Ta zmiana to skutek przeprowadzonej w 2008 r. likwidacji części przywilejów emerytalnych. Gabinet Tuska nie tylko, o prawie 1 mln, ograniczył wcześniejsze emerytury dla zatrudnionych w tzw. szkodliwych warunkach (tzw. pomostówki), ale wygasił też „powszechne" przywileje – dla 55-letnich kobiet i 60-letnich mężczyzn. Do tamtej pory standardem było korzystanie z tych przywilejów.

Ta decyzja przynosi dziś wiele korzyści. Wyhamowały wydatki ZUS na emerytury. W 2008 roku, rekordowym pod względem liczby nowych świadczeniobiorców, zakład wydawał w styczniu na te świadczenia 6,3 mld zł, a w grudniu – już 7,3 mld, a więc o niemal 16 proc. więcej W ubiegłym roku ten wzrost wyniósł tylko 5,6 proc. (styczeń – 8,9 mld zł, grudzień 9,4 mld). Ministerstwo Finansów szacuje oszczędności z tytułu wygaszenia przywilejów tylko w 2012 r. na ponad 5 mld zł.  Czyli od wprowadzenia zmian zaoszczędziliśmy już ok. 20 mld zł, i z każdym rokiem kwota ta rośnie. – Pamiętajmy, że potem rząd podjął decyzję o podniesieniu wieku emerytalnego. To kolejne oszczędności – dodaje Władysław Kosiniak-Kamysz, minister pracy i polityki społecznej.
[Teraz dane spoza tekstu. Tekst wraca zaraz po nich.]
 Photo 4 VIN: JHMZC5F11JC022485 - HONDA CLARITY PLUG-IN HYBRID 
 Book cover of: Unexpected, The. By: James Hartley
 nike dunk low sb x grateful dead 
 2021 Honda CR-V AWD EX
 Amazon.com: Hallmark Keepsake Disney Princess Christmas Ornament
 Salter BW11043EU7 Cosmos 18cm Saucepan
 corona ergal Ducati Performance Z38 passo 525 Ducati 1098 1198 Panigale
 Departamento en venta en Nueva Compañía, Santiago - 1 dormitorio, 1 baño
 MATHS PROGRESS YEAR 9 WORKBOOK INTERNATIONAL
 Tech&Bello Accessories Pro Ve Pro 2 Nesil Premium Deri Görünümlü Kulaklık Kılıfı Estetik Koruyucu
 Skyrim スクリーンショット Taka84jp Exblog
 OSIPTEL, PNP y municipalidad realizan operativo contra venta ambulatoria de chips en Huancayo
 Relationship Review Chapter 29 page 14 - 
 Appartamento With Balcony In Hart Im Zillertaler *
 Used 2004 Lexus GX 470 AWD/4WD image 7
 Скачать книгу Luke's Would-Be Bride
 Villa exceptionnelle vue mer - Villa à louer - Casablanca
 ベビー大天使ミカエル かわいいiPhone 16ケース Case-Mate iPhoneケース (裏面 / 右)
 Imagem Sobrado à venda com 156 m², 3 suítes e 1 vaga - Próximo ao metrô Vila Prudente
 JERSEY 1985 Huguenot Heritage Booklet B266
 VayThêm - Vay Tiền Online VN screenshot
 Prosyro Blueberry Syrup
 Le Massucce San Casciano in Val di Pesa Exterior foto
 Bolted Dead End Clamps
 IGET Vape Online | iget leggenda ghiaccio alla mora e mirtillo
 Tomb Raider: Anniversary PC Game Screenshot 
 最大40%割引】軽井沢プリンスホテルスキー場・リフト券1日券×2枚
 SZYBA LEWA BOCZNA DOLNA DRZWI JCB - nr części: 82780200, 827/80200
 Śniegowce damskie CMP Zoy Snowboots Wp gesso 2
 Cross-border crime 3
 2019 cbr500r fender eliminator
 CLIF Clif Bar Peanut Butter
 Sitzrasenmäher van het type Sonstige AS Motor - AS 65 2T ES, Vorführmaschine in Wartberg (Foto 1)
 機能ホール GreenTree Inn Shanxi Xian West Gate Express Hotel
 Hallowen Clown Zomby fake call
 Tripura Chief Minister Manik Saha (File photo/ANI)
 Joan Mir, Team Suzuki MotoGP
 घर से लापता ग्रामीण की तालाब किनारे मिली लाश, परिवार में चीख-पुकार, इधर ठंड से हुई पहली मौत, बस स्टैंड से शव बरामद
Likwidacja przywilejów nie zwiększyla bezrobocia wśród starszych osób. – Pracuje coraz więcej ludzi po 55. roku życia – wskazuje Wiktor Wojciechowski, główny ekonomista Invest-Banku. Z danych GUS wynika, że w I kw. 2009 r. pracowało 31,4 proc. osób w wieku 55 – 64 lat. W III kw. ubiegłego roku – już 39,6 proc. W tym czasie ogólny wskaźnik zatrudnienia niemal nie drgnął – wtedy wynosił 58,9, teraz jest na poziomie 60,2 proc. Wydłużenie czasu pracy oznacza korzyści dla samych emerytów – dostają wyższe świadczenia, są aktywniejsi, czują się potrzebni.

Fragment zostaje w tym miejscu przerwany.